Exercise:
Show all lines of the listing that hold the word "Lion".

Extracted data:
────────
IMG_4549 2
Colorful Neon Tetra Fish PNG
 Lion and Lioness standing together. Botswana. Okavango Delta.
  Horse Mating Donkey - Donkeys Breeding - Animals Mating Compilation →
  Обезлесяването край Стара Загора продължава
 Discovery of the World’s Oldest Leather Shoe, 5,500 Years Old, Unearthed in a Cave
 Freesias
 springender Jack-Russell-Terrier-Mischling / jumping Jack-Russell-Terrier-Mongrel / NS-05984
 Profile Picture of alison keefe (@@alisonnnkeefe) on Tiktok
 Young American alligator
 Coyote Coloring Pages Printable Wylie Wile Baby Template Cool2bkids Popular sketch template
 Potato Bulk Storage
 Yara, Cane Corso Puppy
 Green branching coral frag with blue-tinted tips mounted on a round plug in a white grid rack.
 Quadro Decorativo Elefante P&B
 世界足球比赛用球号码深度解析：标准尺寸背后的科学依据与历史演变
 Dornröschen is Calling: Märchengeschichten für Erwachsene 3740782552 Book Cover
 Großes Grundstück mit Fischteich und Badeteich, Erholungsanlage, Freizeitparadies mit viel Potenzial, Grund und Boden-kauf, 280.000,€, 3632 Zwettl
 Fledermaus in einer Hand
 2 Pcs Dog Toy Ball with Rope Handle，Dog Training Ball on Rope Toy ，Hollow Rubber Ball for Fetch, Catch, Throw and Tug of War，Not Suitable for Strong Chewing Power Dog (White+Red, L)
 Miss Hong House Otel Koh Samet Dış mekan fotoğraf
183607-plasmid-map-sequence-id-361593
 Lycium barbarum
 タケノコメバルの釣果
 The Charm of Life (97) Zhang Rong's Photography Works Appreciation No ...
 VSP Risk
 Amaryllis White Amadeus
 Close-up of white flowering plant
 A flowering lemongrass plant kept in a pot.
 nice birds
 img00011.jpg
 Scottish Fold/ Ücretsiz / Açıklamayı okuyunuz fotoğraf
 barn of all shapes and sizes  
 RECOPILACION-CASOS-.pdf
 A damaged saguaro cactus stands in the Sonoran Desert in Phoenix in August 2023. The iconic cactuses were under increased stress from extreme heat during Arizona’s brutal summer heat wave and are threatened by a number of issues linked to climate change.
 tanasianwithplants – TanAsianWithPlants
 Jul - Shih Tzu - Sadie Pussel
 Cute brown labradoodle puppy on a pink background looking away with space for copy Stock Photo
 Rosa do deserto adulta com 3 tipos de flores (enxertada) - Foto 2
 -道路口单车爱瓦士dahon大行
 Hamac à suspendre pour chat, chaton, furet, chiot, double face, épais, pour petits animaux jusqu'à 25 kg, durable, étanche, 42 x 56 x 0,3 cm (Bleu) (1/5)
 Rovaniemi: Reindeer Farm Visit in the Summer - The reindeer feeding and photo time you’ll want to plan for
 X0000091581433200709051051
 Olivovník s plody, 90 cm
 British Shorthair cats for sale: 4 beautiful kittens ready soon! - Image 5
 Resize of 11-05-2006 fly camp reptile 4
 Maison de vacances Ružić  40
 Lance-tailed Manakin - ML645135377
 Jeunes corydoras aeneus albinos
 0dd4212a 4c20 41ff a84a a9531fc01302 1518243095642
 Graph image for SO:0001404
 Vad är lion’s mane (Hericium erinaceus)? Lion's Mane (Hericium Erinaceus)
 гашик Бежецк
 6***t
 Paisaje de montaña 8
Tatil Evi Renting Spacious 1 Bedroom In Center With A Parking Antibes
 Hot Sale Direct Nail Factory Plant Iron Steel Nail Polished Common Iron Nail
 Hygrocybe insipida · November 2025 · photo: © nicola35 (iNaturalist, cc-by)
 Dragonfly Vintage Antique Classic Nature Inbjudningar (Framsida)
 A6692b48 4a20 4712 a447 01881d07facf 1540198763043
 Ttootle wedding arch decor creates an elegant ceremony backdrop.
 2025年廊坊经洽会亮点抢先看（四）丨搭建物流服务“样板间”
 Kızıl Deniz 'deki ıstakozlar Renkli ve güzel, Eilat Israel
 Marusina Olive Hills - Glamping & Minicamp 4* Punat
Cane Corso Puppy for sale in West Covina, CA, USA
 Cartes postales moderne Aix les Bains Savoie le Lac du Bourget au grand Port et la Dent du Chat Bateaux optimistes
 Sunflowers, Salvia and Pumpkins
────────
Task solution:
 Lion and Lioness standing together. Botswana. Okavango Delta.
 Vad är lion’s mane (Hericium erinaceus)? Lion's Mane (Hericium Erinaceus)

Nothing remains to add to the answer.